● Work required
All of the listing is to be written out word for word, with the pictures left out.

Segment Start: Supplied material

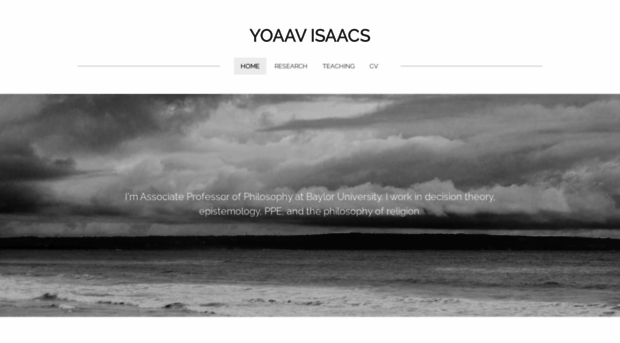 yoaavisaacs.com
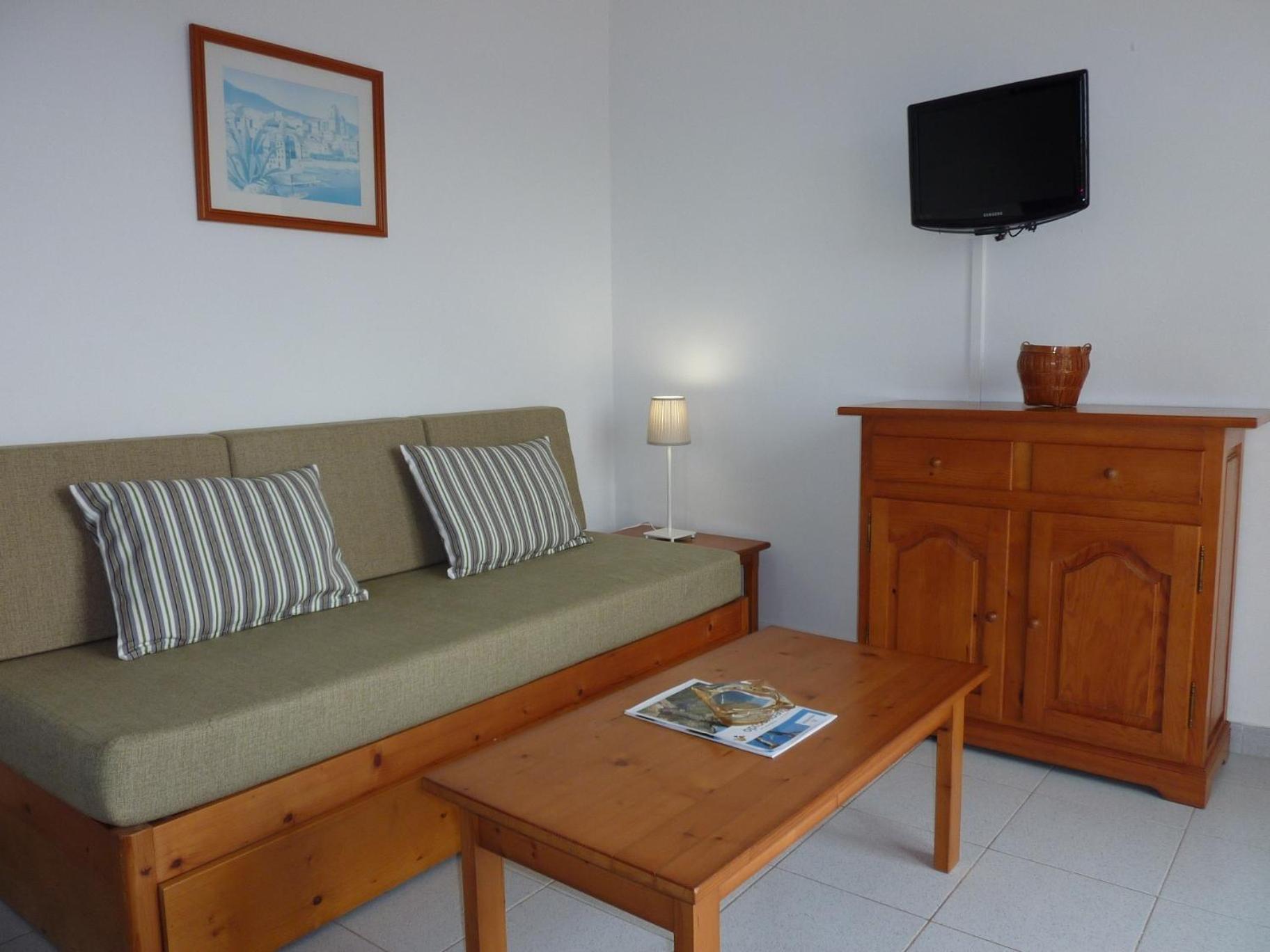 Apartamentos Villa Primera Cala Figuera  Exterior foto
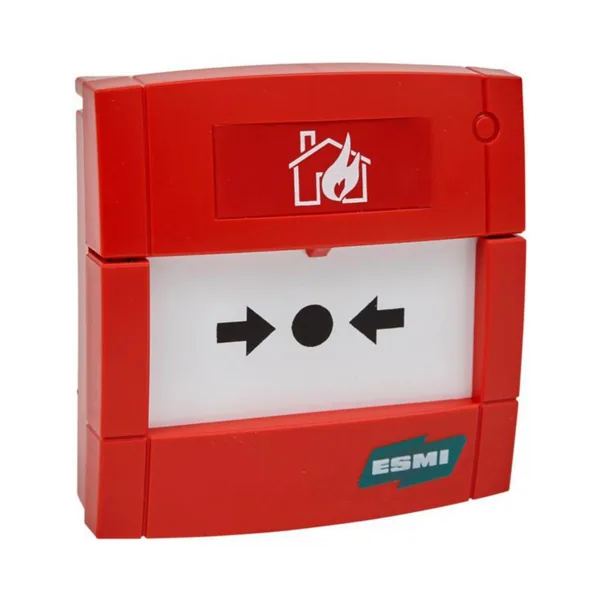 Palopainike ESMI MCP1A-R470FG-E01 UPPO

Segment End: Supplied material

● Response to the exercise
 yoaavisaacs.com
 Apartamentos Villa Primera Cala Figuera  Exterior foto
 Palopainike ESMI MCP1A-R470FG-E01 UPPO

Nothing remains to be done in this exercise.